The basic idea is to make loads of random choices in bulk:

guesses = numpy.random.choice(letters, (100000, len(solution)))

which is fast. This makes a 100000xN matrix, eg. for N=3:

h s l
w t x
a m e
i x t
  ⋮

Then you can calculate the number correct for each row by comparing each row to the solution (guesses == solution) giving a bool array, and you can sum each row (.sum(axis=1)) to get the number correct.

The extra parts from there (numpy.diff) serve to pretend we did this sequentially, although we did not. It's not relevant in most real-world circumstances, where one can just print the best answer from that bunch.

Overall this is much faster than the original (>10x), and most of the time is spent in numpy.random.choice, implying it's not possible to meaningfully speed up further without replacing the high-quality random numbers that Numpy generates.

So don't go thinking that Python is slow because it's interpreted and dynamic. It's perfectly possible to have a high-quality implementation run fast with these kinds of programs.


Since this is Code Review, I'll also point out some things that you should be improving on:

  • Docstrings, not comments.

    Write

    """
    This program generates a string of random letters and matches it with the user's string.
    It does this until its guess is the same as the user's string.
    It also displays closest guess so far and time it took to guess.
    """
    

    instead of

    # This program generates a string of random letters and matches it with the user's string.
    # It does this until its guess is the same as the user's string.
    # It also displays closest guess so far and time it took to guess.
    

    This might sound meaninglessly fussy, but it helps introspection.

  • Reduce your usage of globals. Functions should (almost) never share state; it should be passed between them. Trust me on this. It means that you can reuse them and move them around without worrying about dependencies, for one. It also allows local changes to stay local.

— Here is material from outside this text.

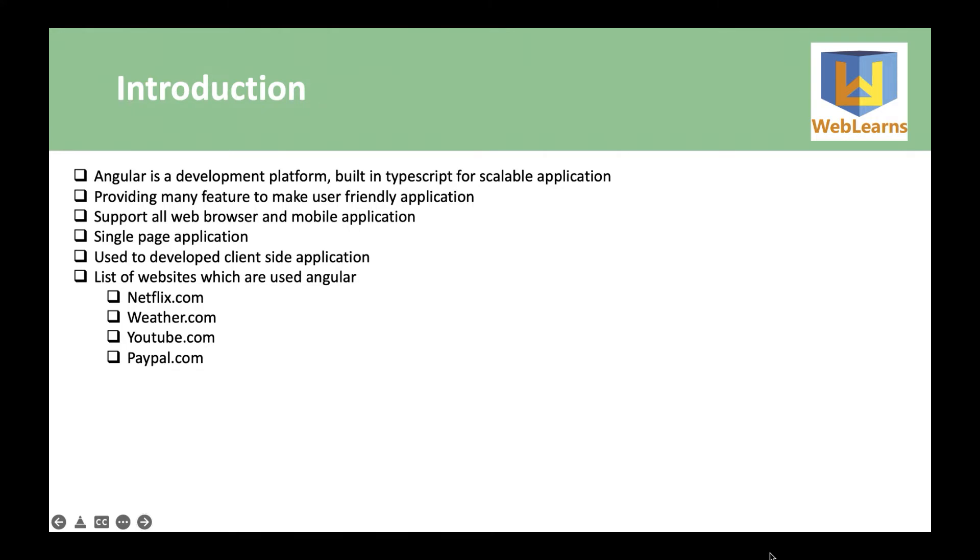And why we should use Angular? Angular helps build interactive and dynamic single page applications through its compelling features that include templating, two-way binding, modularization, RESTful API handling, dependency injection, and AJAX handling.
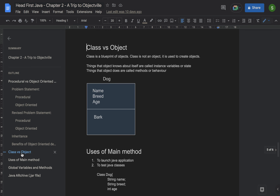Let's move to the second key takeaway: class versus object. Classes are not objects — a class is a blueprint used to create objects. Things that an object knows about itself are called instance variables or state, and things that an object does are called methods or behavior. For example, a dog object has name, breed, and age as instance variables, and bark as its method.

  • Try and clump IO in one place. If you look at my variant, all the printing is localized and the logic is separated. This modularizes the program, so you can move things around and mess with logic without having "things" in your way all of the time.

  • random.seed() with no value given is pointless here. It should only be used after random.seed(some_value) to remove the seed.

  • This code:

    done = False
    while not done:
        if ...:
            done = True
    

    is much better written

    while True:
        if ...:
            break
    

    Some people disagree. They are wrong.

  • Things like

    for c in range(size):
        guess[c] = random.choice(alpha)
    

    where you're visiting each item in turn, are much better written without indexes, like:

    guess[:] = [random.choice(alpha) for _ in range(size)]
    

    although this really should be

    def generate(size):
        """Generate random letter for each character of string."""
        return [random.choice(alpha) for _ in range(size)]
    

    if you use my prior advice.

    The same goes for count, which can be

    sum(g==s for g, s in zip(guess, solution))
    
  • Don't meaninglessly preallocate values, like guess = [""] * size. It just hides bugs.

    If you ever find you need to do that, you're probably not following my advice about not using globals.